- _Your goal_:
Reproduce the listing below from the line with "跨界賦能 派邇信息打造運(y" to the line with "20240717-firstpage-infographic-h", both lines included, character for character, minus any pictures.

- _Exercise material_:
┌────────

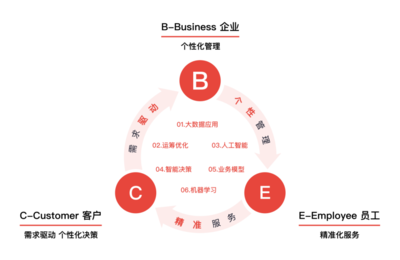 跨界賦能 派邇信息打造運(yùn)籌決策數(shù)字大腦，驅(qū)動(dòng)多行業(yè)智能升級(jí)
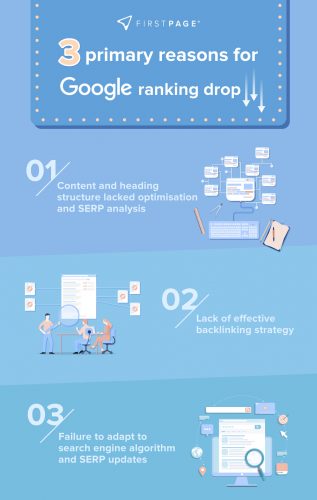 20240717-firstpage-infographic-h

└────────
┌────────

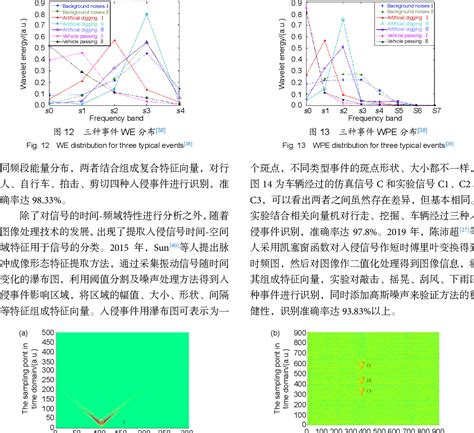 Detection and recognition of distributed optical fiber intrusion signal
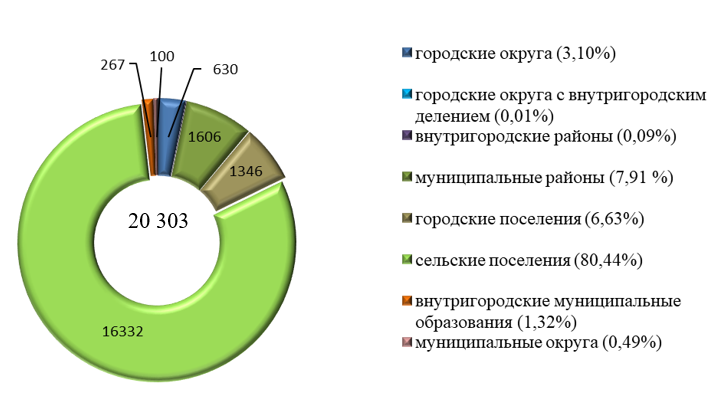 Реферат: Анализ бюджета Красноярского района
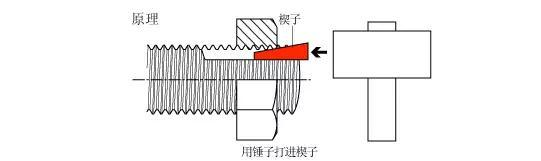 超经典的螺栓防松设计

└────────
┌────────

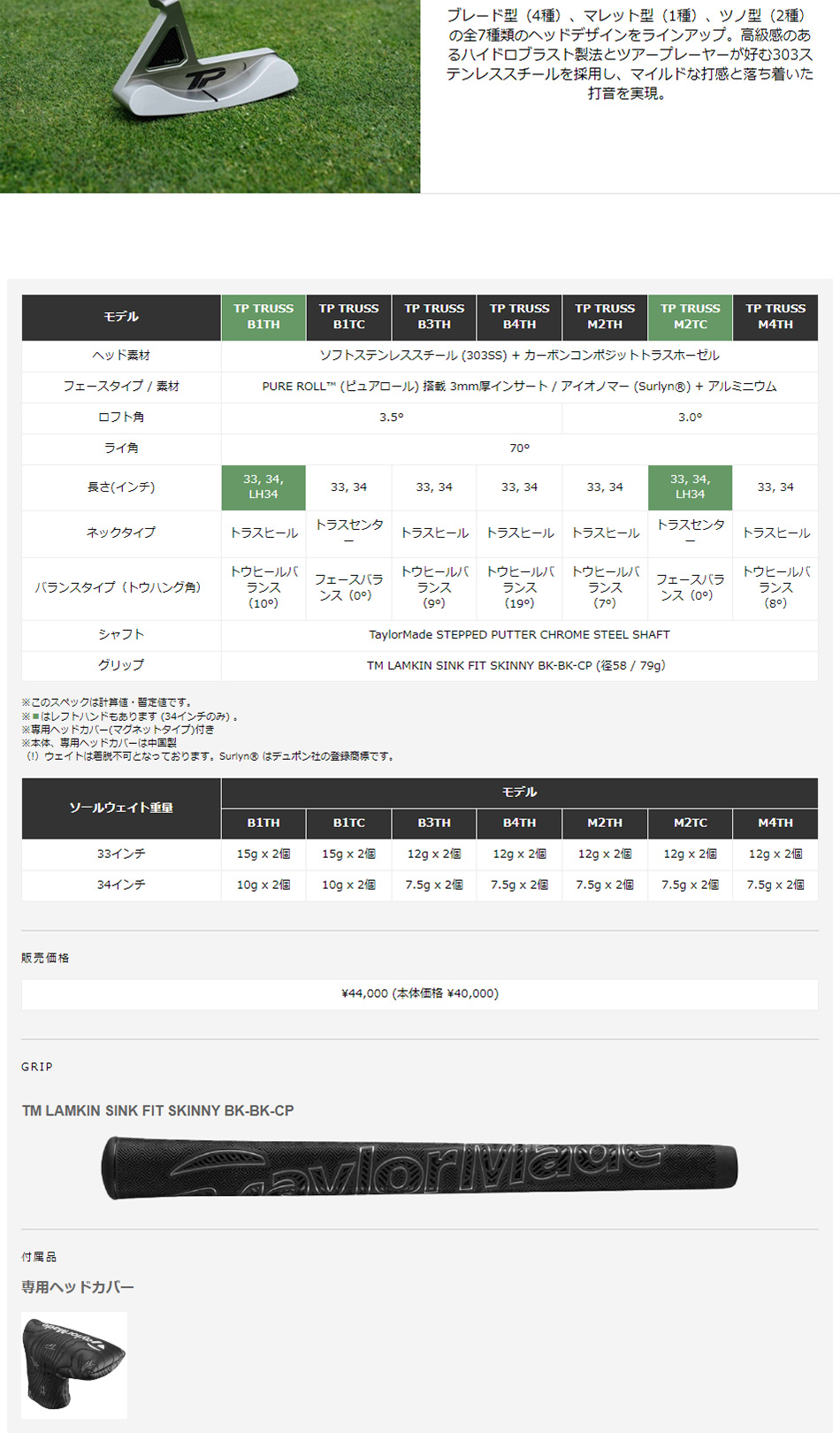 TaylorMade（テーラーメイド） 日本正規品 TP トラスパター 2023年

└────────

- _Answer area_:
 跨界賦能 派邇信息打造運(yùn)籌決策數(shù)字大腦，驅(qū)動(dòng)多行業(yè)智能升級(jí)
 20240717-firstpage-infographic-h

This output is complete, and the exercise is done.